Well, yesterday’s post was a bit harsh wasn’t it. I was all left-brained and argumentative, with not much room for anything mystical. I didn’t take kindly to the news that Reiki, which I had hoped to learn as I might try to learn any new skill, is a gift bestowed on the student by the Reiki master. That, to me, was a recipe for delusion.
So how did it go today?
I have to say I was a little more able to see people’s goodheartedness, and to give the whole thing a try despite my deep skepticism. It helped to remember my reason for taking the course was a couple of Reiki treatments that gave me profound healing and insight a few years ago. Sometimes things work even when I don’t think they should.

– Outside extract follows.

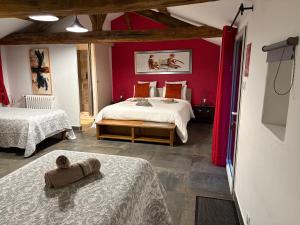 レ・ゼペスにあるAu Petit Bignonのベッドが2つあり、壁が赤い寝室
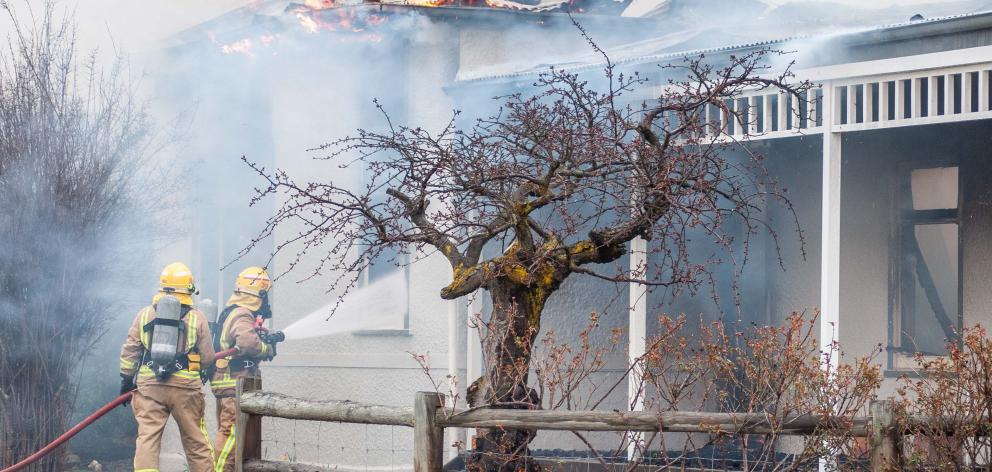Fire crews fight to keep the blaze at the The Bank Ophir bed and breakfast under control...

Thank goodness the world does not revolve around my opinion of things or my concept of reality. Half the time I can’t even find my boots, coat or glasses. But after fifty years as my bumbling self, I do operate with a certain level of trust in my perceptions.
Some of the signposts I mentioned yesterday – touches of décor in the studio, music, bells – I overdosed on in my spiritual seeker phase, which came just before my homesteading phase which in turn preceeded a decade of hardship and disillusionment, leading to my current phase as novelist and flaneur about the streets of Montreal… so there’s no way I’m going backwards to the land of self-help books or gurus or any kind of church. I’ve had it with the lot. So how did I end up in the Reiki class?
I ended up there because my experience had taught me Reiki worked.
Yesterday I felt misgivings about this memory. Maybe, I thought on returning home last night, I was mistaken, deluded or just in a vulnerable time in my life.
But I went through today’s initiation and practice, and met some goodhearted souls. I even experienced Reiki light, colour, heat and energy through the laying on of hands. There is a 21-day period now where I’m supposed to practice Reiki and let this weekend’s course integrate with my life. I’ll give this a chance, because I believe the teacher was sincere and in spite of my distaste for churches and religion and spirituality of all kinds, I do pray, and I do have an inner life, and my experience is that there is more to so-called reality than what appears materially. What I would like to get out of the Reiki course is to become more fully human – to connect with and create an environment of unconditional love and acceptance for myself and for others around me, even some of the time.
Did you ever go back over your memories and isolate those times when you felt submerged in a river of unconditional acceptance? I can count those times on my hands, and the thing that characterizes them is that the people who created those environments did not “do” anything. They were not “nice” and they did not bend over backwards to create love. They just were. They were themselves, and everything around them – the garden, or the room, or whatever place it was – was filled with a peaceful aliveness, a happiness born of non-judgmental something… what is the word for this something? Not stillness or contentment – those words are too static. Isness. That’s the word.
If using Reiki energy can help me fill a space with non judgmental isness now and then, for a child, a friend, a family member, or for myself, then this weekend will have been worth it to me. Also, my diploma is beautiful. I feel funny about having a diploma for something about which I feel so skeptical, but that’s my isness for now.